This particular debate seems to have attracted quite a lot of interest, for reasons I suppose are obvious enough. The latest guest contribution is from Brian Angliss, a good friend of mine who lives in Northglenn, Colorado.

I have some serious concerns regarding the WTC memorial, and whether or not it is even possible to create a proper memorial to those who died. I don't say this to imply that we shouldn't try, but rather to express that it simply may not be possible to do. How can we create a memorial which honors the past while looking to the future, especially if, as Dr. Smith says, September 11, 2001 will be seen as the transition between the postmodern ideal and some later and as yet undefined grand philosophy? The difficulty is compounded by the fact that I'm not convinced that we can yet determine what the next philosophy will be.

Professor Turner has produced an intriguing proposal, where two towering monuments, joined together by a Gothic arch, are capped with a large garden and which contain the very offices of industry and commerce that New York commercial developers are clamoring for.
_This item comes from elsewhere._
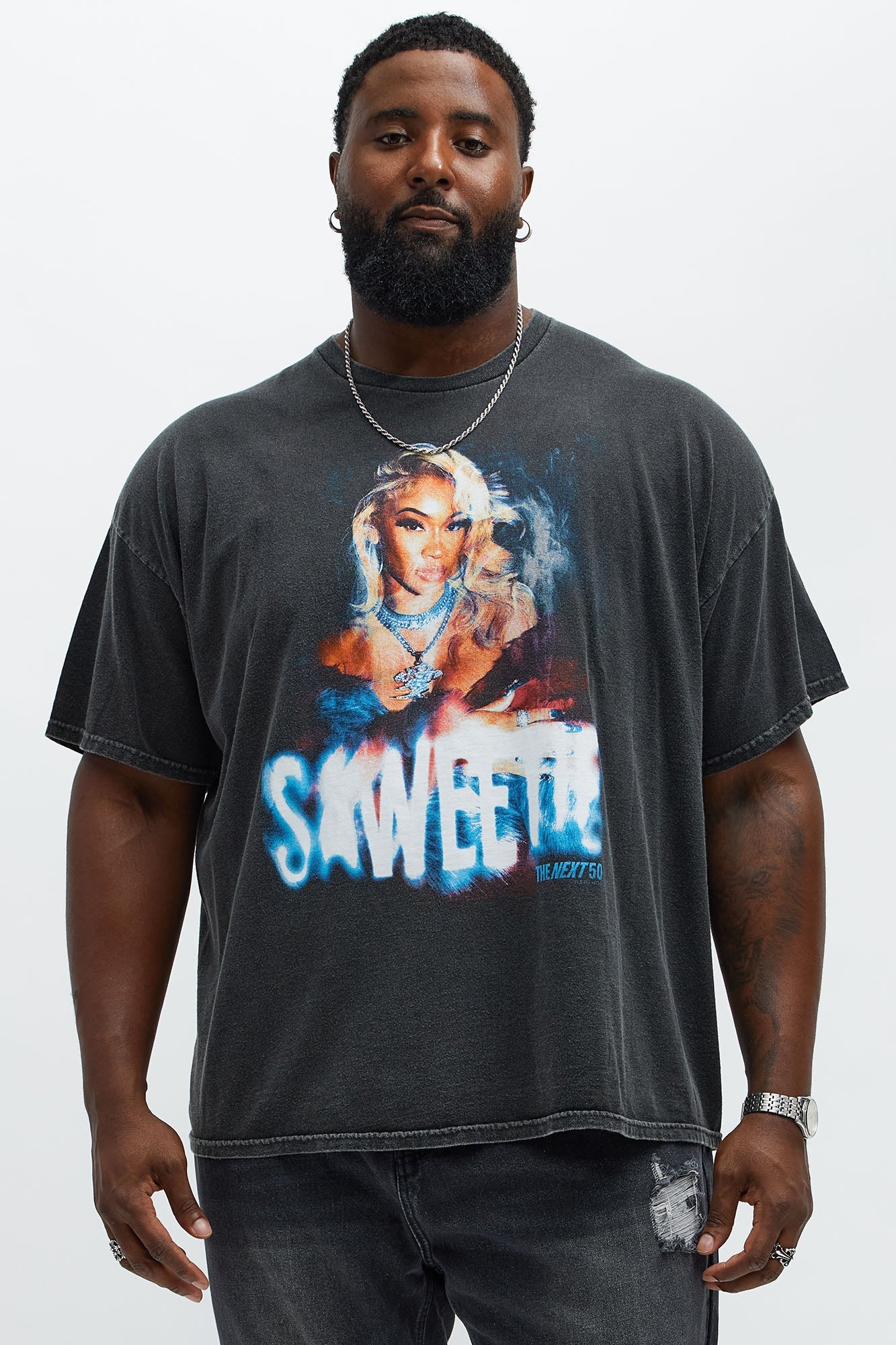 Saweetie Short Sleeve Tee - Black Wash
Such a grand, centralized architectural statement can't help but be monolithic and Modernistic, even if there are nonlinear and organic elements to it. On the other hand, I can't help but sympathize with the desire to replace an iconic construction such as the WTC with a truly iconic memorial. Unfortunately, iconic buildings are, to my understanding at least, definitionally Modernistic.

Could the WTC be constructed along a Postmodernist or distributed ideal instead? Memorials are only effective if they psychologically invoke the events they are memorializing, and I find it difficult to imagine a fragmented, decentralized memorial where the events of 9/11 are so tightly localized to the WTC, the Pentagon, and a field in Pennsylvania. Attempting to decentralize a memorial from these three locations would be rightly construed as an attempt to co-opt the memories of the dead and the emotions of the living well beyond those areas most directly affected.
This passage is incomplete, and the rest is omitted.